[From Manx Note Book vol 3]


WILLIAM BELL CHRISTIAN born on the 17th August, 1815, died on the 31st of July, 1886, was the third son of Deemster John Christian of Milntown. He was educated at private schools at Chester and near London, and at Trinity College, Cambridge, where he graduated B.A. in 1840. In the same year he was ordained deacon and licensed as chaplain of St. John's. In 1841 he was ordained priest, and from 1845 to 1861 he held the vicarage of Lezayre. He was the last member appointed in the old House of Keys. Immediately after this, in 1866, he was elected member for Ramsey in the reformed House and continued to represent the same constituency till he became Receiver- General in May 1883. He was a most valuable member of the legislature, as, though not an eloquent speaker, his utterances were always weighty and well considered. The respect which his colleagues held him in was shown by their voting him into the chair in the speaker's absence.
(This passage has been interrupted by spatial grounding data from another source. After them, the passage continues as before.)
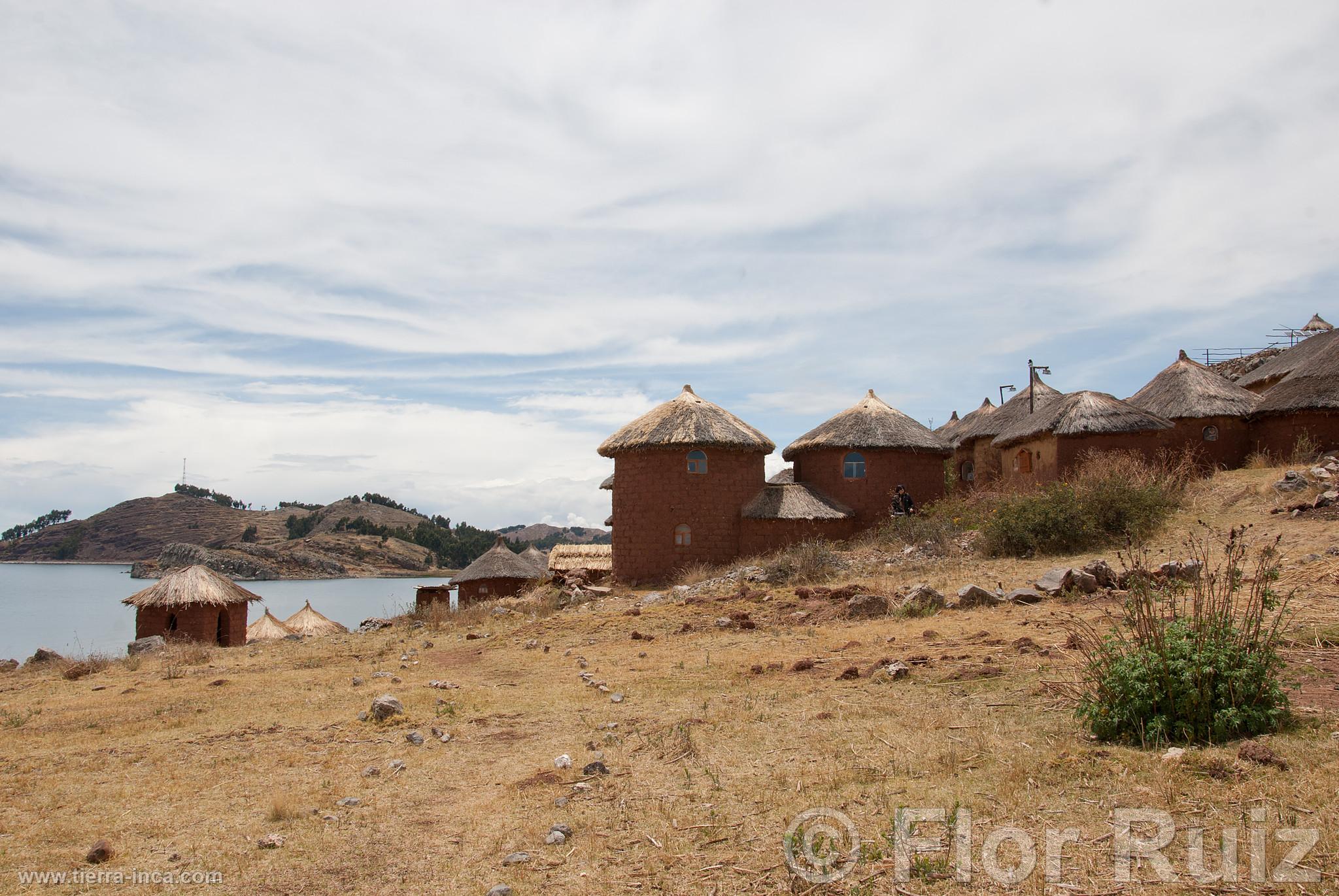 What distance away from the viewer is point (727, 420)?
2284 cm

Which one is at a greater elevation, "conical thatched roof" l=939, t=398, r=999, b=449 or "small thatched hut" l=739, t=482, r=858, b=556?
"conical thatched roof" l=939, t=398, r=999, b=449

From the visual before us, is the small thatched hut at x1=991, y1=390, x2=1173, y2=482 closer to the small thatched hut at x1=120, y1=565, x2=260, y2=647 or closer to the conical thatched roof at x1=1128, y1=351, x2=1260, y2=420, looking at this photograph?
→ the conical thatched roof at x1=1128, y1=351, x2=1260, y2=420

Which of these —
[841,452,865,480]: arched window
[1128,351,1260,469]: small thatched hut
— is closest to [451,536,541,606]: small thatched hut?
[841,452,865,480]: arched window

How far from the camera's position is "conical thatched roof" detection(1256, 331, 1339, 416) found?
74.9 ft

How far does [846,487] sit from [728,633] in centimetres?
1142

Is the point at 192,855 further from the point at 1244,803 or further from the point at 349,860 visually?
the point at 1244,803

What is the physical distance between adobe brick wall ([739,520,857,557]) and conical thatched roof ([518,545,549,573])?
363 inches

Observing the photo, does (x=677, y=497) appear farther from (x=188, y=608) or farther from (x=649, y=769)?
(x=649, y=769)

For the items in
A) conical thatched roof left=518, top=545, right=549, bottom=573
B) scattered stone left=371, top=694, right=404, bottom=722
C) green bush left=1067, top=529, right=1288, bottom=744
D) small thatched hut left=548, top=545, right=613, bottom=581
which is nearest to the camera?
green bush left=1067, top=529, right=1288, bottom=744

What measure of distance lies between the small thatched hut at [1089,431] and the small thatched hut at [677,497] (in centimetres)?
805

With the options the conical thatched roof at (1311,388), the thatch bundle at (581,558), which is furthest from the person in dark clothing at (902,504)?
the conical thatched roof at (1311,388)

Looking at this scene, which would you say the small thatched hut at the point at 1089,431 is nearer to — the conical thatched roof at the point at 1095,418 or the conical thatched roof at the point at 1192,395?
the conical thatched roof at the point at 1095,418

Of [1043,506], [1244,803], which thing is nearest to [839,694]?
[1244,803]

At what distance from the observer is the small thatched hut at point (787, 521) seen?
21.5m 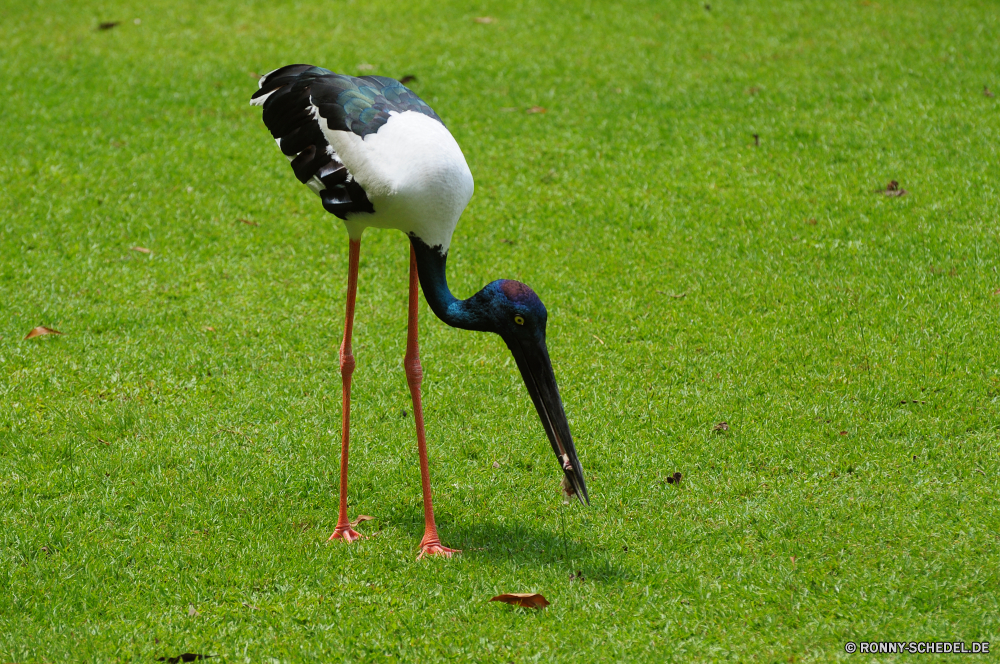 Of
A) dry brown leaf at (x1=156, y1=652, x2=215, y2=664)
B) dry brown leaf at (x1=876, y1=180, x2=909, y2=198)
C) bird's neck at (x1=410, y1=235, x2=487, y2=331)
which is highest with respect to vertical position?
bird's neck at (x1=410, y1=235, x2=487, y2=331)

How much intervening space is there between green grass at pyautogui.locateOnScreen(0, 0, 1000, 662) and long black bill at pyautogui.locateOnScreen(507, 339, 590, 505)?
1.10 ft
As Receiver- General he was a conspicuous success, as not only did he apply himself to his work with great diligence, but he brought considerable practical knowledge to bear upon it. In 1866 he was appointed a justice of the Peace, and proved an excellent magistrate. A thorough gentleman, his sterling charaaer, adorned by an urbane and kindly demeanour, won him universal respect and esteem. (For genealogical particulars see MANX NOTE BOOK, Vol. i, pp. 17-20.)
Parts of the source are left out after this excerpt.